Over the years, we’ve been lucky enough to work with a number of family-owned and family-run businesses. At their best, they have strengths other businesses struggle to match. But you can also have too much of a good thing; those very strengths can be the cause of problems that stop some family businesses being as successful as they deserve to be. So over the next few weeks, we’ll be looking at five of those conundrums, and sharing what we’ve learnt about how to tackle them.
And we’ve recorded a podcast with two of our favourite clients, a father-daughter team who open up about the stresses and successes of running a business with the people you’re supposed to love most. Listen below:
Family businesses often have much more freedom than their corporate counterparts: no pressure to produce quarterly reports or deliver dividends, and often fewer shareholders and stakeholders to appease. In theory, that’s liberating: it can free you up to think long-term, and gives you the licence to try things out that a more mainstream business might be too slow to execute, or too in thrall to this month’s results to risk.
The problem is that freedom and chaos are close cousins. If you don’t have a boss to answer to, you’re free to make brave decisions - but also to change your mind. And some family businesses do that a lot. That can make working in one unsettling, and too much chopping and changing also confuses your customers and the outside world.
And while thinking long-term is clearly a good thing, as is being nimble enough to react to the short-term, that can leave a gap. PwC have called it the ‘missing middle’ in family business. Specifically, they often lack a strategic business plan.

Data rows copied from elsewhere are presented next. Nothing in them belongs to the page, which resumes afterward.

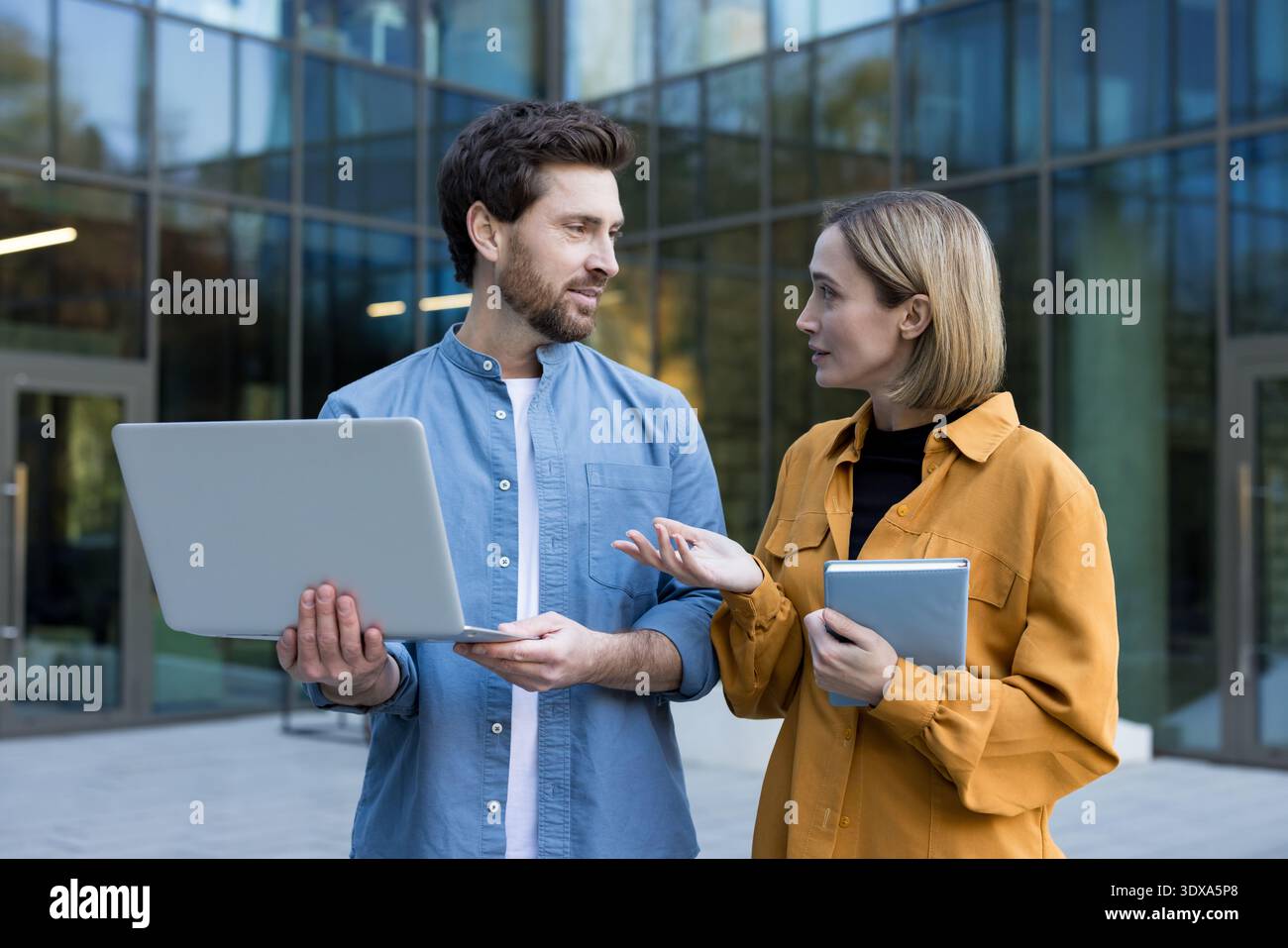 Startup team members having a productive business discussion and sharing ideas about a project while standing outside a modern office building, using a laptop and a tablet Stock Photo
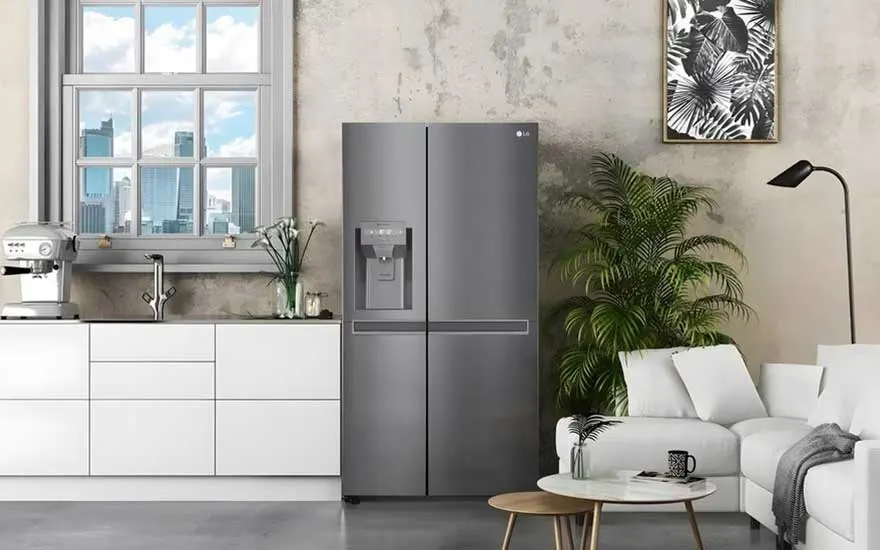 Une cuisine moderne avec coin salon, frigo gris, meubles blancs, grande fenêtre, plantes, canapé et table basse dans une pièce claire.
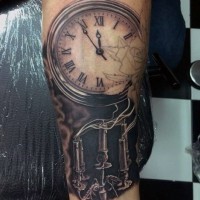 Magnificent painted antic old clock with candles tattoo on arm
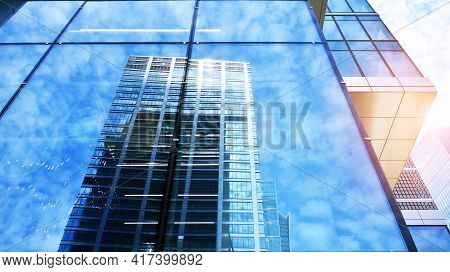 Downtown Corporate Business District Architecture. Glass Reflective Office Buildings Against Blue Sk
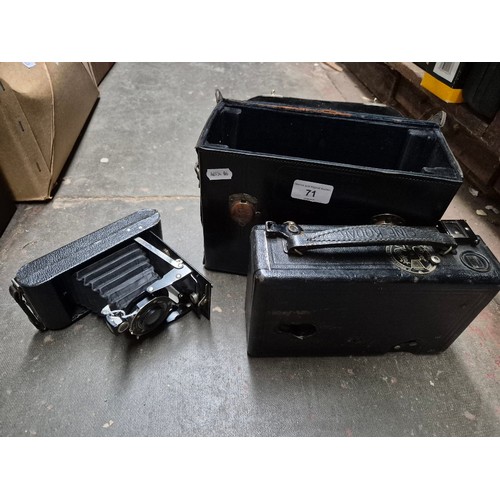71 - Two vintage Kodak cameras, one with case.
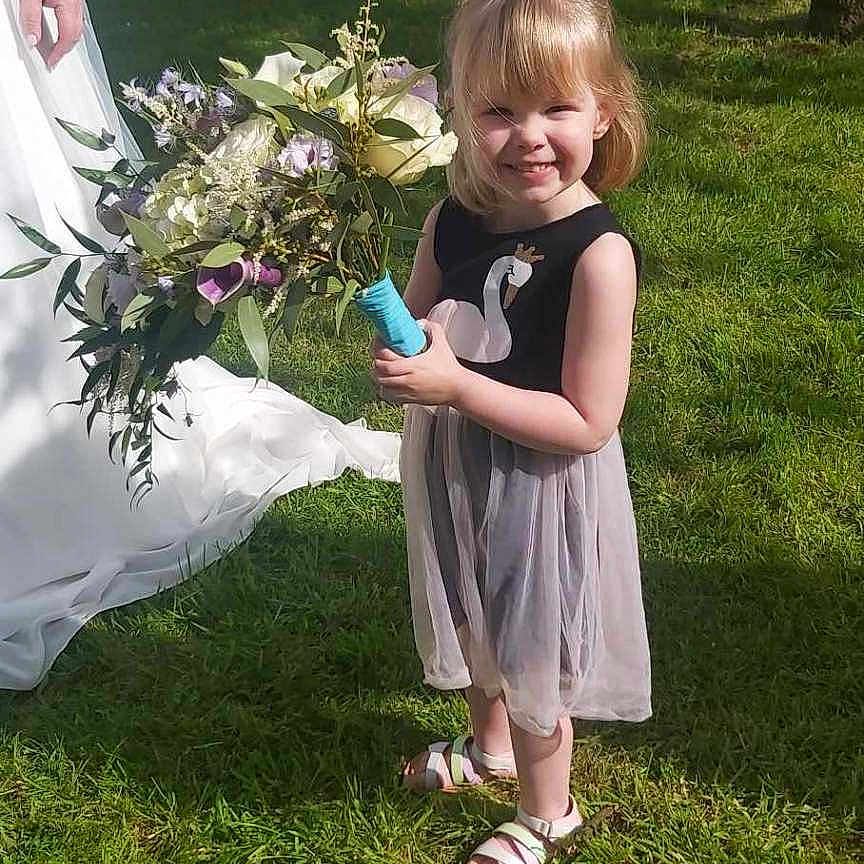 Mia a rejoint le concours — aidez-le/la à gagner de superbes lots ! backyard, clothing, dress, face, flower, flowerarrangement, flowerbouquet, formalwear, grass, head, lawn, nature, outdoors, person, petal, photography, plant, portrait, pottedplant, yard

So if focus and strategy are your Achilles’ heels, you need to find people who can fill the gap. They might already be there, hiding inside your company, or they might be external advisers.
When we’re asked to do that, we do three things. First, we ask the questions no-one else is asking – either because they’re too close to the problem, or because they’re scared to speak up. That can tease out whether our client has the right strategy – or any strategy at all.
Second, we help the business decide what to focus on. We can be objective, ignoring whose pet project is whose. And simply being outside the company helps us see the wood for the trees.
Finally, we can be really honest. Our Principal, Gilmar Wendt, tells the story of one owner-manager we worked with: ‘He’s a classic case. He has loads of ideas, and is good at delegating, which means he’s always giving people jobs to do. But he also changes his mind every three days. And if you’re in his team, it drives you crazy, because you spend time putting your heart and soul into things which he’s already lost interest in. It’s inefficient and wildly demotivating.
‘After one workshop we ran, his team stayed behind, sank a few drinks and pleaded with us to help him focus, and stick to a decision. And as ‘outsiders’, it was much easier for us to challenge him – gently! – than for them. We were their hope.’
That external eye can come from many disciplines: experts in finance, HR, or communication, like us. But it’s the one thing most family businesses need more than anything else.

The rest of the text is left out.